* _Exercise prompt_
Restate, word for word and with no pictures, the stretch of lines in the data below that begins at the line with "Men's Toronto Blue" and ends at the line with "救急車サイレン カード (黄色い花)", inclusive.

* _Given data_
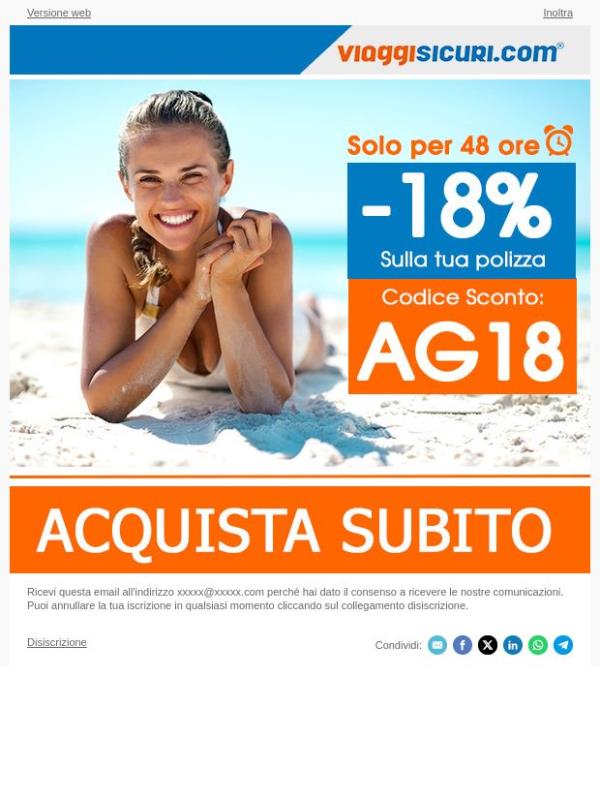- 18% su tutte le nostre polizze!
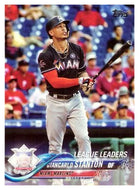 Giancarlo Stanton - Miami Marlins - League Leaders (MLB Baseball Card) 2018 Topps # 45 Mint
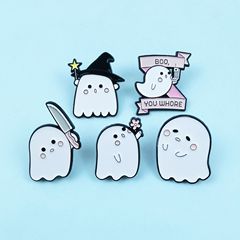 クロスボーダー小さなゴーストかわいいブローチクリエイティブハロウィンシリーズかわいいゴースト合金バッジアクセサリー卸売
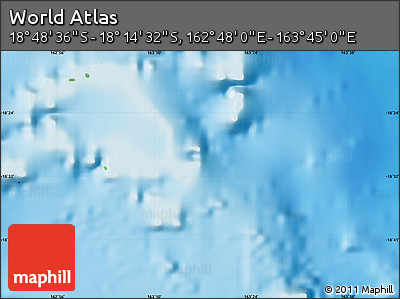 Physical Map of the Area around 18° 31' 34" S, 163° 16' 30" E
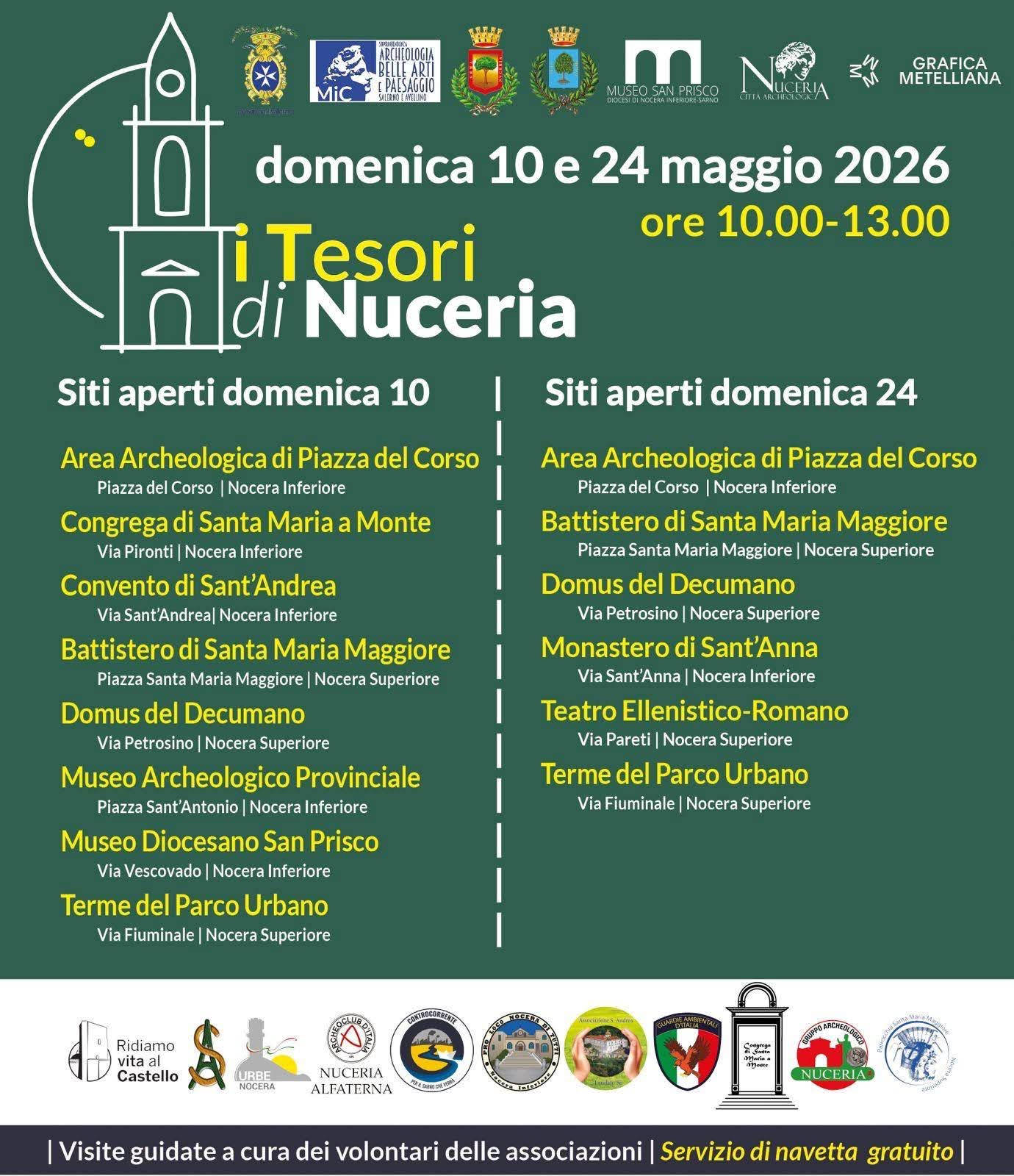 I Tesori di Nuceria- Viaggio alla riscoperta del patrimonio culturale e archeologico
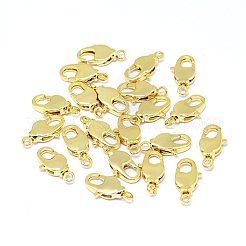 真鍮カニカン  18KGP本金メッキ  17x9x4mm  穴：2mm&nbsp;KK-F764-15G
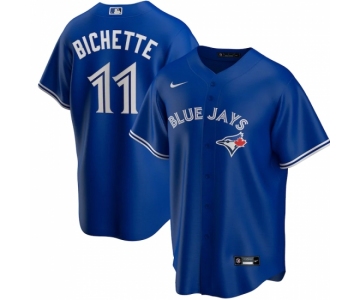 Men's Toronto Blue Jays #11 Bo Bichette Nike Royal Alternate 2020 Replica Player Jersey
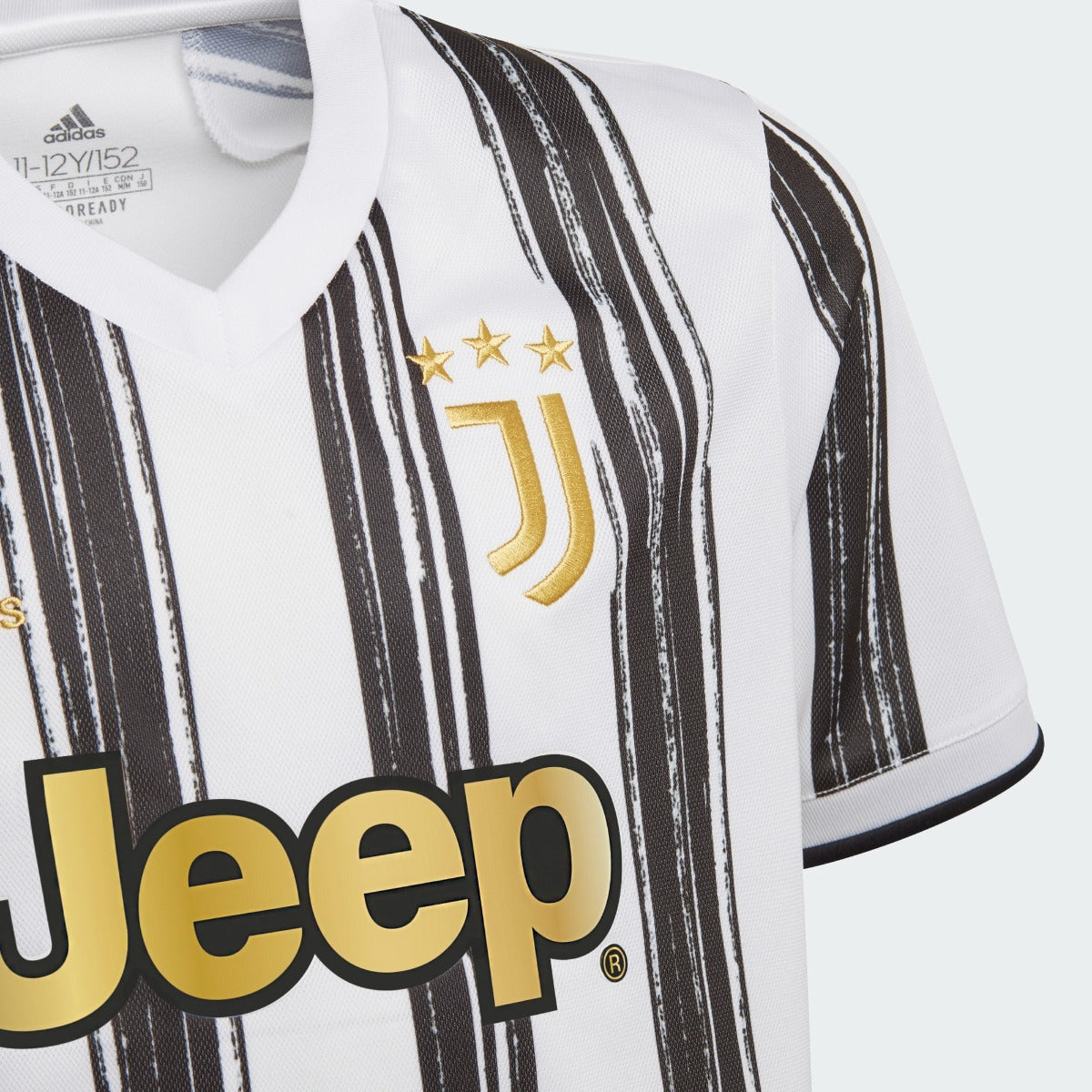 Adidas 2020-21 Juventus Youth Home Jersey - White-Black
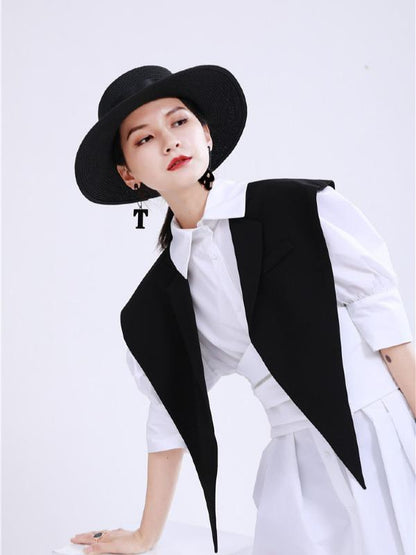 Simple Irregular Solid Pleated Midi Dress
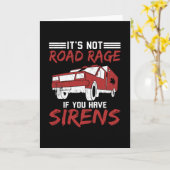 救急車サイレン カード (黄色い花)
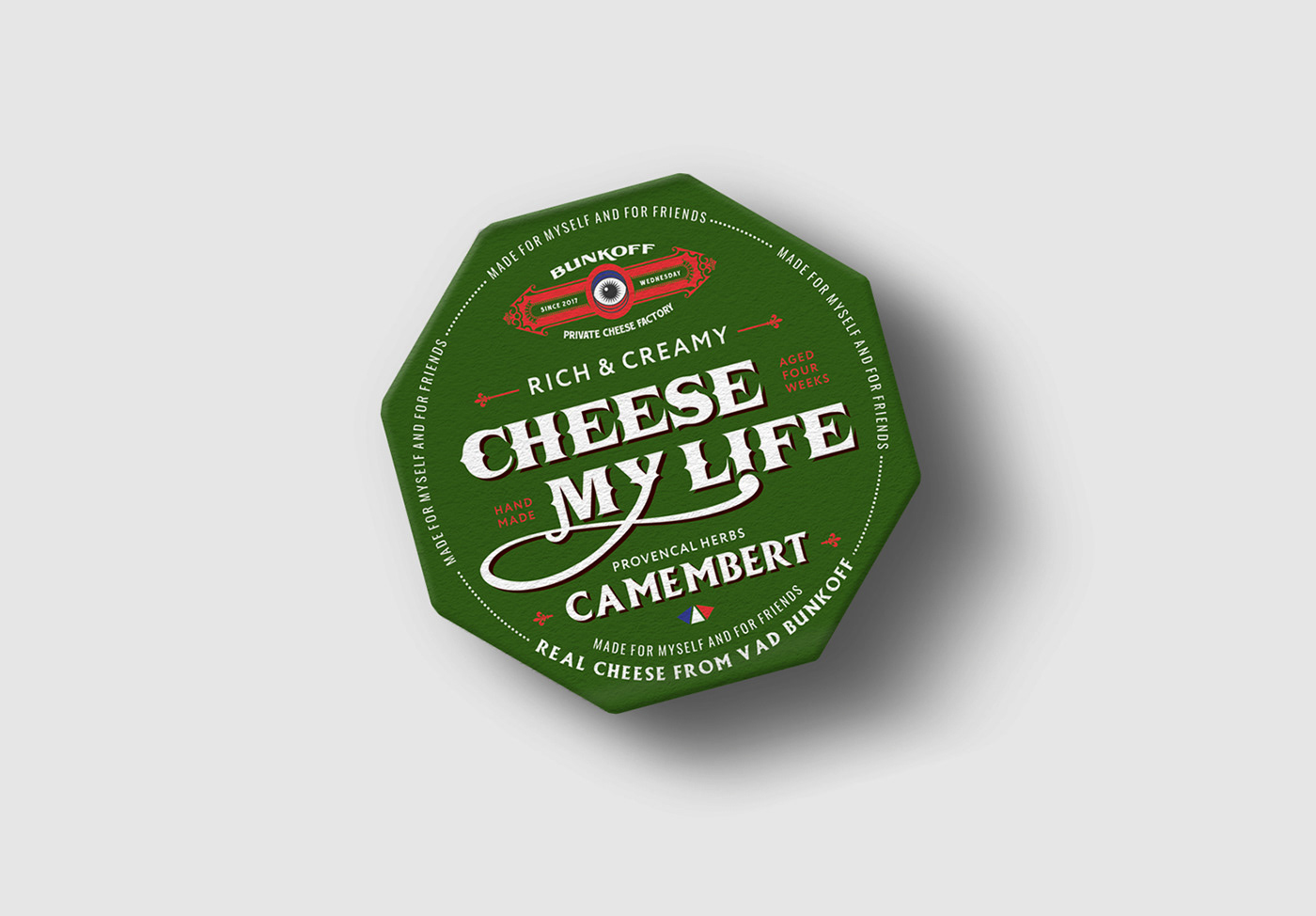 Camembert Cheese design Packaging packaging design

* _Answer to this task_
 Men's Toronto Blue Jays #11 Bo Bichette Nike Royal Alternate 2020 Replica Player Jersey
 Adidas 2020-21 Juventus Youth Home Jersey - White-Black
 Simple Irregular Solid Pleated Midi Dress
 救急車サイレン カード (黄色い花)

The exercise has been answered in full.